Recent oordeelde het Gerechtshof in Amsterdam over een vaststellingsovereenkomst die was gesloten tussen een in Luxemburg gevestigde financiële onderneming en de in Nederland wonende wederpartij. De partijen hadden een geschil over een effectenrekening en over een door een Nederlandse tussenpersoon verstrekt beleggingsadvies. De Nederlandse partij leed forse schade. Daarvoor stelde de Nederlandse partij (onder meer) de Luxemburgse onderneming aansprakelijk. De Nederlandse tussenpersoon, die de Nederlandse partij voorzag van vermogensbeheer en beleggingsadvies, werd ook aansprakelijk gesteld maar ging failliet.
De Luxemburgse onderneming en de Nederlandse partij schreven enkele brieven aan elkaar waarin een beëindiging van het geschil op basis van finale kwijting zou kunnen worden gelezen.
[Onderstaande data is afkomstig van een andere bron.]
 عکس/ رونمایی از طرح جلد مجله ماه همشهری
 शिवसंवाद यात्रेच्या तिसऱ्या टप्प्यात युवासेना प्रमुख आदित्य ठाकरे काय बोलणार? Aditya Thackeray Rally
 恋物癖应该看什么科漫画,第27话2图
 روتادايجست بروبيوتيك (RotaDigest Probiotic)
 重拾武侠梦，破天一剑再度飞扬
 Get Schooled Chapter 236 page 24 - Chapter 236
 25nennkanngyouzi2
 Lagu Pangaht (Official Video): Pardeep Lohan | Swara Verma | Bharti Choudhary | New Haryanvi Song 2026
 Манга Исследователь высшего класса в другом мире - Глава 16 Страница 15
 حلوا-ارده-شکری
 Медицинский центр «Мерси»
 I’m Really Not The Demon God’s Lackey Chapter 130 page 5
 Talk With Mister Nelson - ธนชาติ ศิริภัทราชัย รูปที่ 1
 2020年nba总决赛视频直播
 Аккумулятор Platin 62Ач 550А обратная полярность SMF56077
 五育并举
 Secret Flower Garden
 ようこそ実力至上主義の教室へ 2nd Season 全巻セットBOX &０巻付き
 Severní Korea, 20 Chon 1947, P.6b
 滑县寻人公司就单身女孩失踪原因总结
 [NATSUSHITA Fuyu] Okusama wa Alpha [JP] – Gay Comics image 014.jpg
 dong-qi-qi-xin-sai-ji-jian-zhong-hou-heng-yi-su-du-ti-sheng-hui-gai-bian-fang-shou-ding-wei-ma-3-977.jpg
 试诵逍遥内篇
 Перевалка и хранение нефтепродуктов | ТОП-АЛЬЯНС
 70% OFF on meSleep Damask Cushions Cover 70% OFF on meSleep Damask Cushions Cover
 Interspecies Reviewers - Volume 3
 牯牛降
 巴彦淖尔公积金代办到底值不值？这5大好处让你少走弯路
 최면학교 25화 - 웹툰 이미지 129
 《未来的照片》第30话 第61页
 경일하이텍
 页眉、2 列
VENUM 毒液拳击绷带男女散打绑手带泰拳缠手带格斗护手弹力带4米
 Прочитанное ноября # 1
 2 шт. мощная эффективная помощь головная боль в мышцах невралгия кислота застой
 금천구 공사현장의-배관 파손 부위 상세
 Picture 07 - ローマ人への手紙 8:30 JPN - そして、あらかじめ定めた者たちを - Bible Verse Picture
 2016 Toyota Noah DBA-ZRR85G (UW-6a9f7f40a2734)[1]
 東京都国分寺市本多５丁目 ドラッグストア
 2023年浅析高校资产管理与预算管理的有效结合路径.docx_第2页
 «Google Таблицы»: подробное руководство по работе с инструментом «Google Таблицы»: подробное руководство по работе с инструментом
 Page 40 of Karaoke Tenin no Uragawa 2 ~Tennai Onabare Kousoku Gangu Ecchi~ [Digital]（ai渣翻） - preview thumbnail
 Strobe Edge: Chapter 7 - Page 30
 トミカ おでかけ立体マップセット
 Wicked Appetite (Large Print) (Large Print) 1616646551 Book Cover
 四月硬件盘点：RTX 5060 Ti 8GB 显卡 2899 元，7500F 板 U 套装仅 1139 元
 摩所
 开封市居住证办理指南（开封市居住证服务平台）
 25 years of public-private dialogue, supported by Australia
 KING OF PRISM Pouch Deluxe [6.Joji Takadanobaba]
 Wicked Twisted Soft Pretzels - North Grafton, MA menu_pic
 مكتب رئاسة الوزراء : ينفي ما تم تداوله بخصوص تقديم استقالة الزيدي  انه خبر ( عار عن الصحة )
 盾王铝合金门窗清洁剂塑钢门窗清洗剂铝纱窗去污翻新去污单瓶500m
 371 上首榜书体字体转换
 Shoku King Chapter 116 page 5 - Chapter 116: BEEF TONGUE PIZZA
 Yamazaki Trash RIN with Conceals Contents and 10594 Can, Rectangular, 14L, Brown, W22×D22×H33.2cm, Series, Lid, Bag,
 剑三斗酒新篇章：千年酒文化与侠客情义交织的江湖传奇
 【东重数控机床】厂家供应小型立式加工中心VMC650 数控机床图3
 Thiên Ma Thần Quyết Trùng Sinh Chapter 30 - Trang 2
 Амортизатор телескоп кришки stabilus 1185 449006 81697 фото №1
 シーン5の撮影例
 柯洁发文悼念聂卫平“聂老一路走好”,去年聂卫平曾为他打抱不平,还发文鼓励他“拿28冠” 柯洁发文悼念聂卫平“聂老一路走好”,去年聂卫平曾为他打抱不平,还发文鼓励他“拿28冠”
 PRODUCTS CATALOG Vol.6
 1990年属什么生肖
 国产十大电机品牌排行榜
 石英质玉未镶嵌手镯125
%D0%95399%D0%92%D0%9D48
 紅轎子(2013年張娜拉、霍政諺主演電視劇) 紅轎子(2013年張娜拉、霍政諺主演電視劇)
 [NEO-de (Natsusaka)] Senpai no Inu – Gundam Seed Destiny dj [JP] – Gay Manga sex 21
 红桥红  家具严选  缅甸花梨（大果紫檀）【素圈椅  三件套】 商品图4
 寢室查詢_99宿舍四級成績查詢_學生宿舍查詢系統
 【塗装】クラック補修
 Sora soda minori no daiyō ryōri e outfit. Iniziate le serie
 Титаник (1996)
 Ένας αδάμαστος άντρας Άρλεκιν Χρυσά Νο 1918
De Nederlandse partij startte een procedure om schadevergoeding te ontvangen van de Luxemburgse onderneming. De rechtbank wees de vordering tot schadevergoeding af. De zaak werd door de Nederlandse partij vervolgens voorgelegd aan het Gerechtshof ter beoordeling.
Internationale aspecten
Ondanks dat de rechtbank reeds een vonnis had gewezen op basis van Nederlands recht, overwoog het Gerechtshof dat de zaak internationale aspecten bevatte. Daardoor diende zij eerst ambtshalve te beoordelen welk recht op de kwestie van toepassing is.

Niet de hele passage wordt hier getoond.